The records START

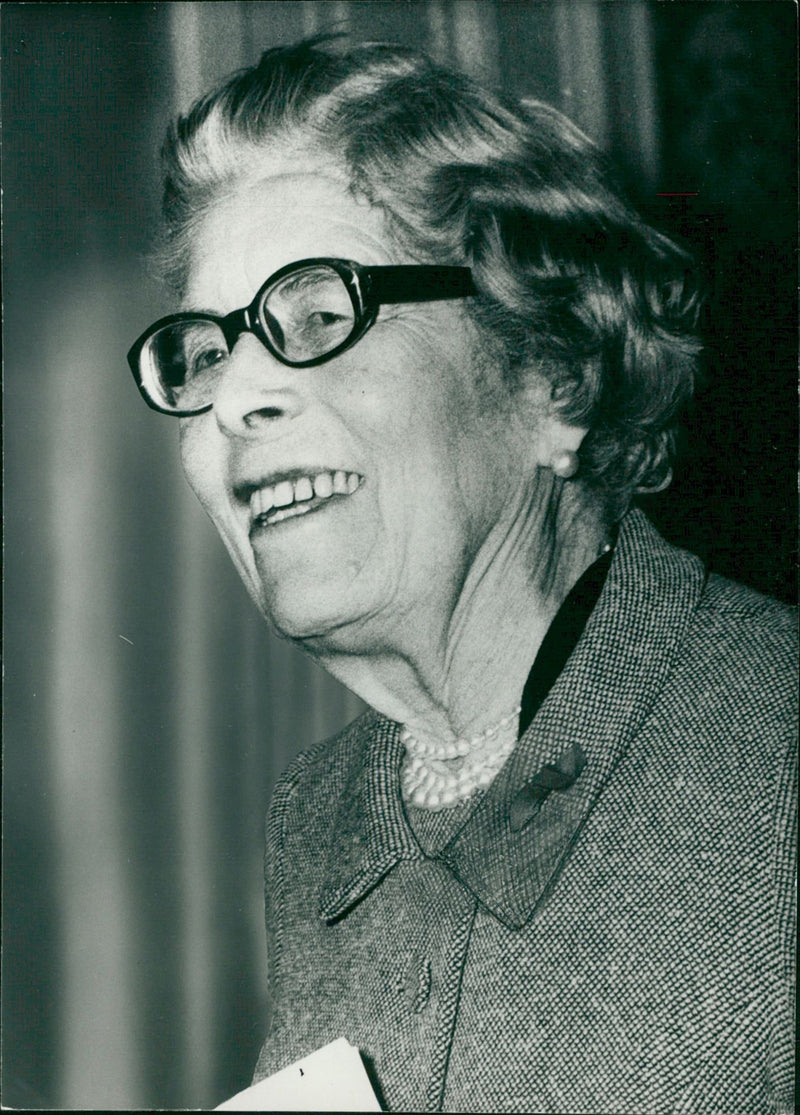 Countess of Airlie - Vintage Photograph
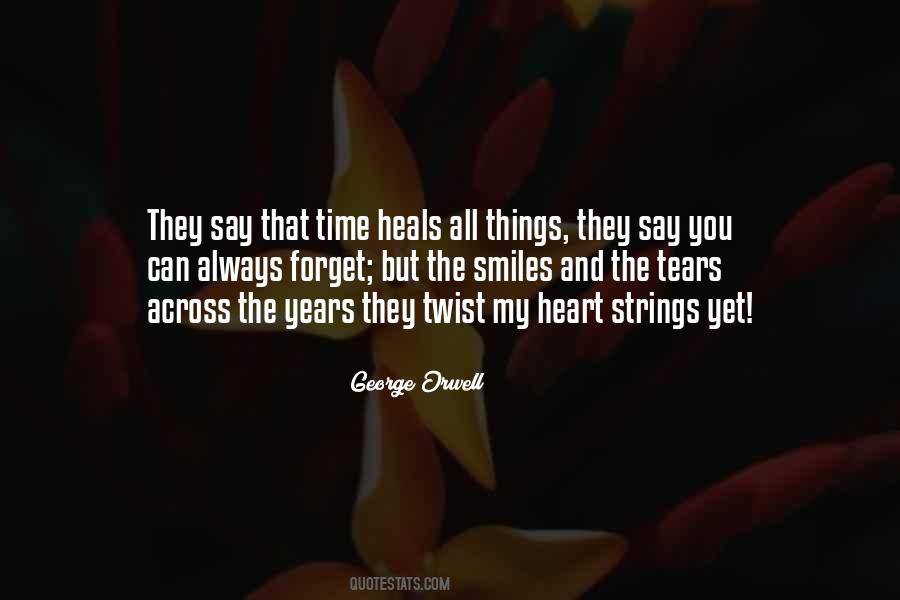 Quotes About Heart Strings #403893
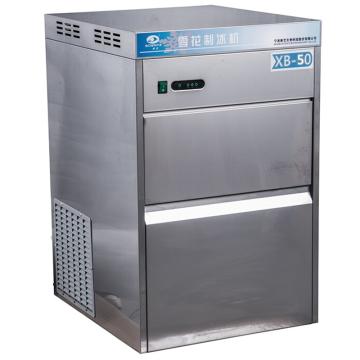 制冰机，全自动，雪花，制冰量：50kg/24h，储冰量：15kg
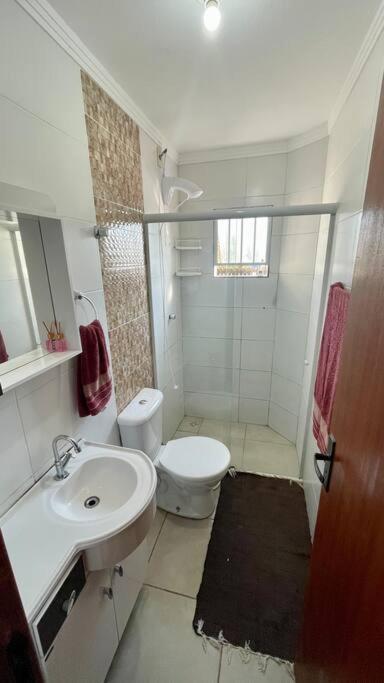 Apto térreo de 2 quartos na praia dos Ingleses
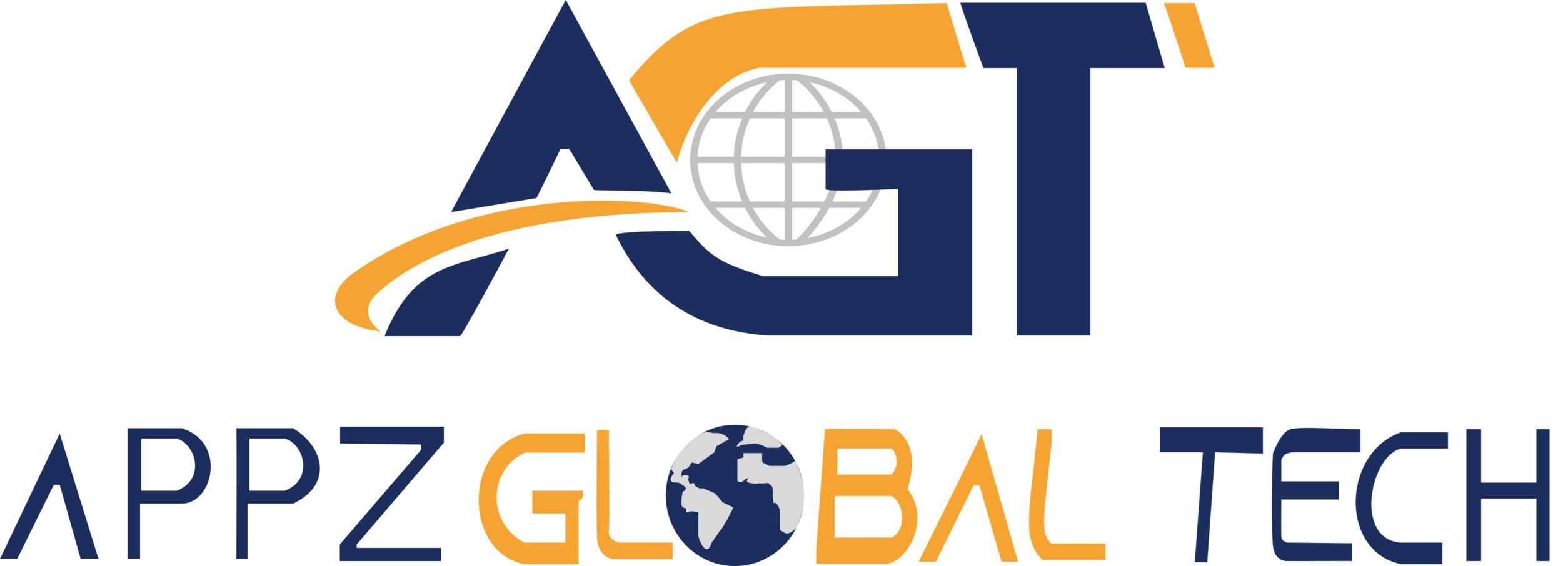 Appz Global Tech Logo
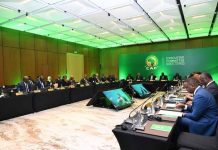 CAF: 5 Points Clés sur la Réunion du Comité Exécutif CAF: 5 Points Clés sur la Réunion du Comité Exécutif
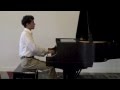 Ben Nacar Plays Dvořák S New World Symphony Mvt IV Arr Nacar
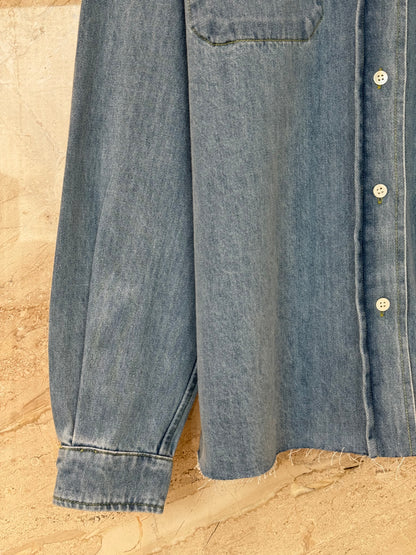 MIU M DENIM SHIRT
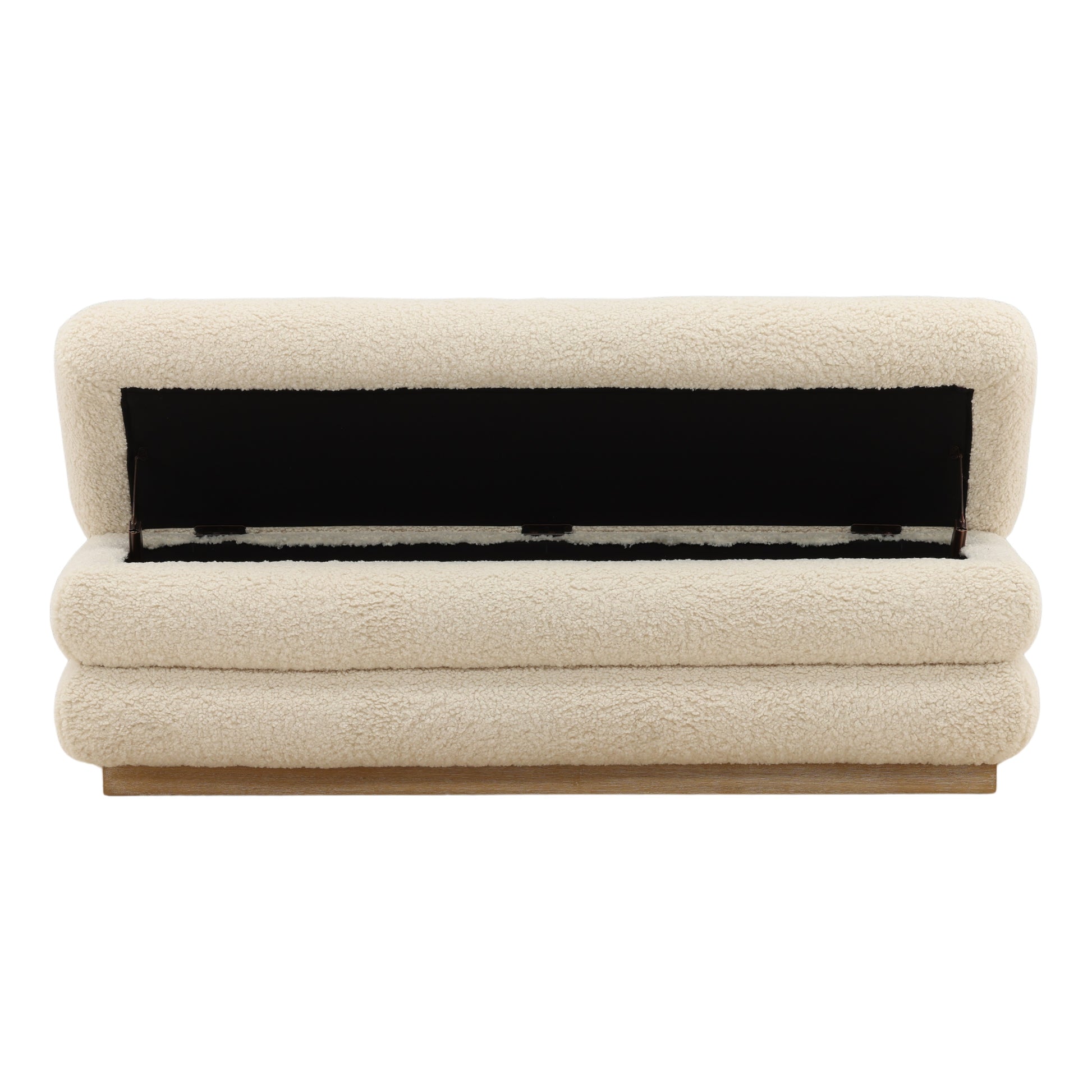 Aura Storage Bench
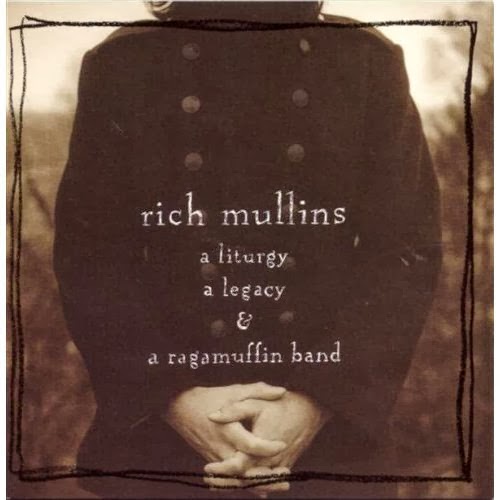 PostConsumer Reports Celebrating 20 Years of Rich Mullins' A Liturgy, A Legacy, & A Ragamuffin Band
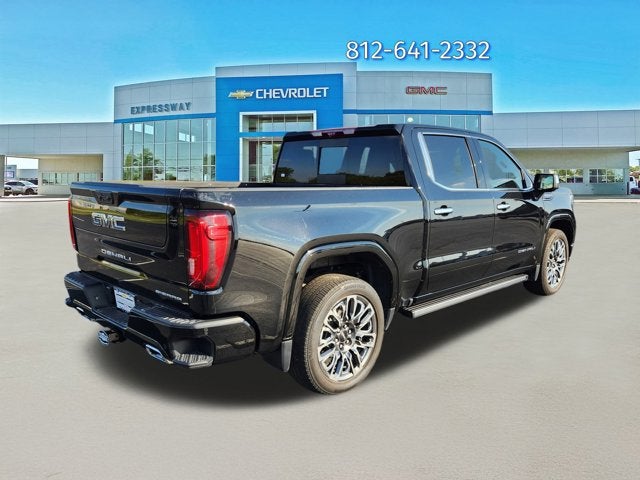 2024 GMC Sierra 1500 Denali Ultimate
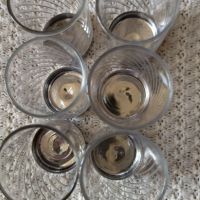 Чашки с метално дъно за шотове , снимка 3 - Чаши - 45408512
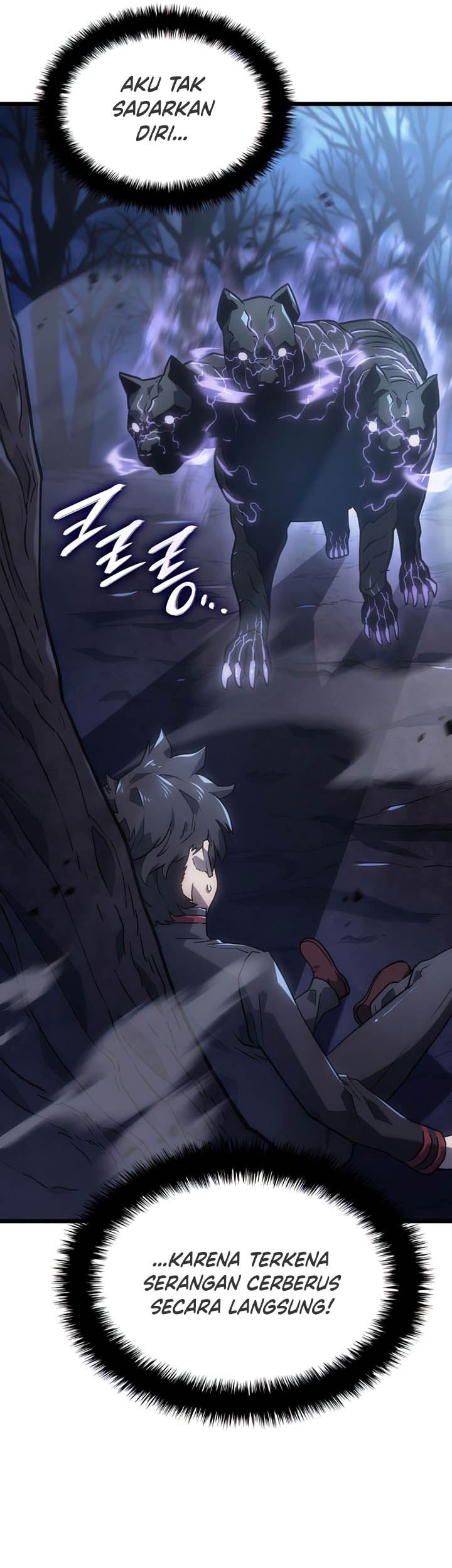 Revenge of the Iron-Blooded Sword Hound Chapter 06 Gambar 10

The records END

• [Problem details]:
A word-for-word copy is needed of the lines from the line with "PostConsumer Reports Celebrating" through the last line of the entries above, with both ends kept and the pictures dropped.

• [Result of this task]:
 PostConsumer Reports Celebrating 20 Years of Rich Mullins' A Liturgy, A Legacy, & A Ragamuffin Band
 2024 GMC Sierra 1500 Denali Ultimate
 Чашки с метално дъно за шотове , снимка 3 - Чаши - 45408512
 Revenge of the Iron-Blooded Sword Hound Chapter 06 Gambar 10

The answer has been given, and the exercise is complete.